- _Data to process_

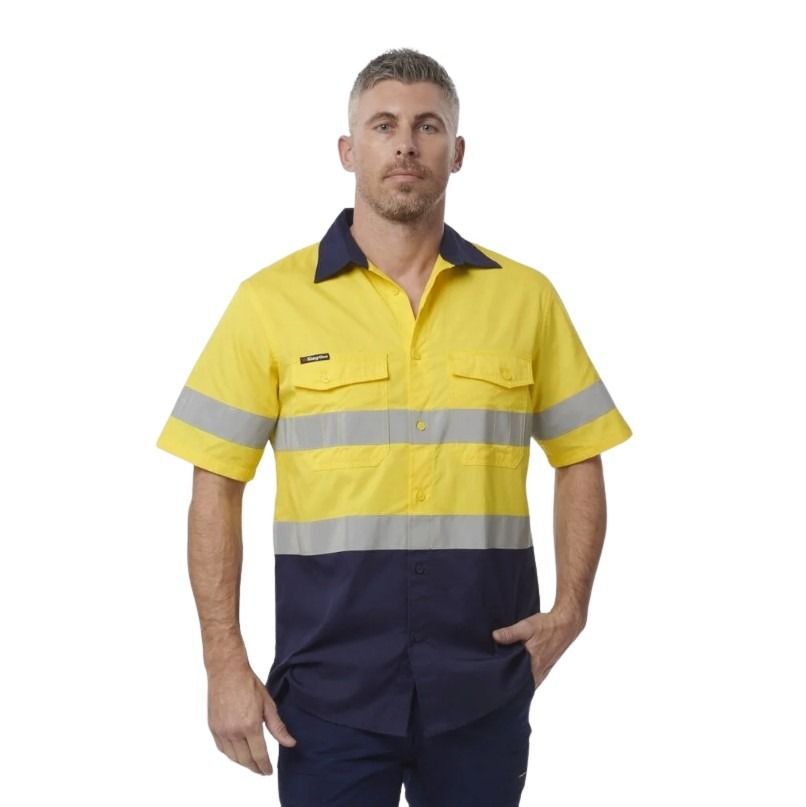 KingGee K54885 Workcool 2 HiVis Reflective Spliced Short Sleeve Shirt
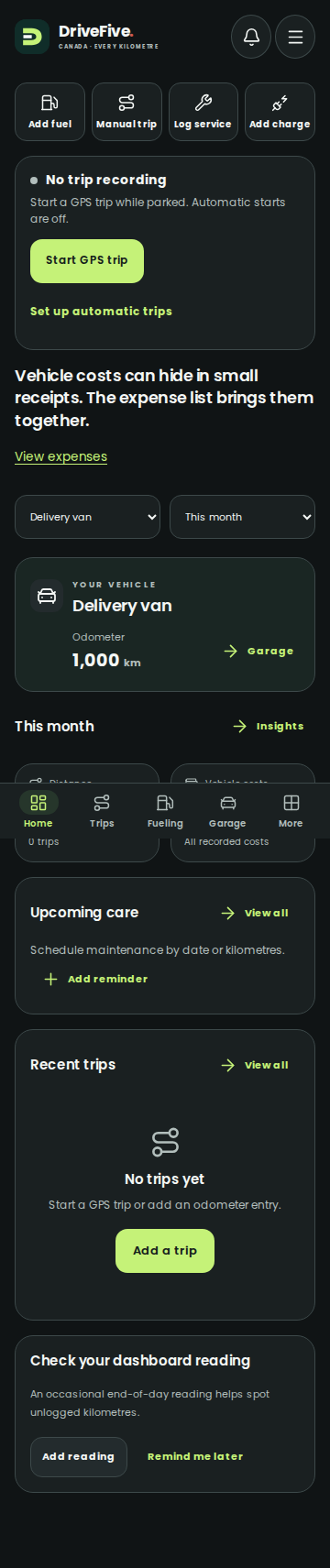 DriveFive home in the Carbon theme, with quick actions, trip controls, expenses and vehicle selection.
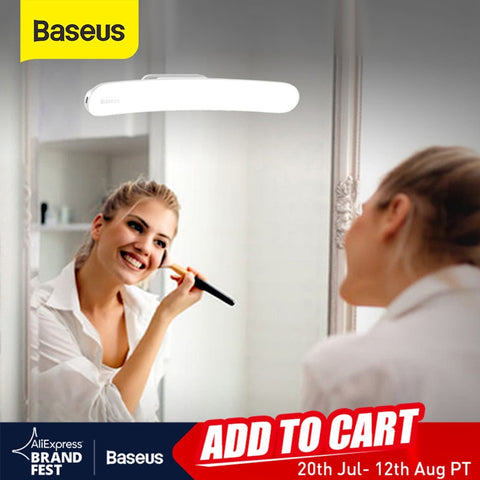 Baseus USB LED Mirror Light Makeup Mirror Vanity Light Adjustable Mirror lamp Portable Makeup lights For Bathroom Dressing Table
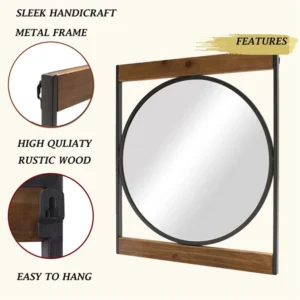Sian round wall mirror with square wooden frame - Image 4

* * *

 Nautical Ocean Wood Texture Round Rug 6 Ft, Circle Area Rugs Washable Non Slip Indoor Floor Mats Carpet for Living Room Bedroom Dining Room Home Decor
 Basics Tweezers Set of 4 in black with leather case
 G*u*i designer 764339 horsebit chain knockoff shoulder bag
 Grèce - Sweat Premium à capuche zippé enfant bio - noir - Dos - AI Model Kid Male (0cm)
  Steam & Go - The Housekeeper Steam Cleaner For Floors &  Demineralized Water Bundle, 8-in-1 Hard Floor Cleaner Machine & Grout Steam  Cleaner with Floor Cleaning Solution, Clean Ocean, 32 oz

- _Work to be completed_
For the entries above, print exactly the lines between the one with "KingGee K54885 Workcool" and the one with "Sian round wall", inclusive, with no pictures.

- _Expected answer_
 KingGee K54885 Workcool 2 HiVis Reflective Spliced Short Sleeve Shirt
 DriveFive home in the Carbon theme, with quick actions, trip controls, expenses and vehicle selection.
 Baseus USB LED Mirror Light Makeup Mirror Vanity Light Adjustable Mirror lamp Portable Makeup lights For Bathroom Dressing Table
Sian round wall mirror with square wooden frame - Image 4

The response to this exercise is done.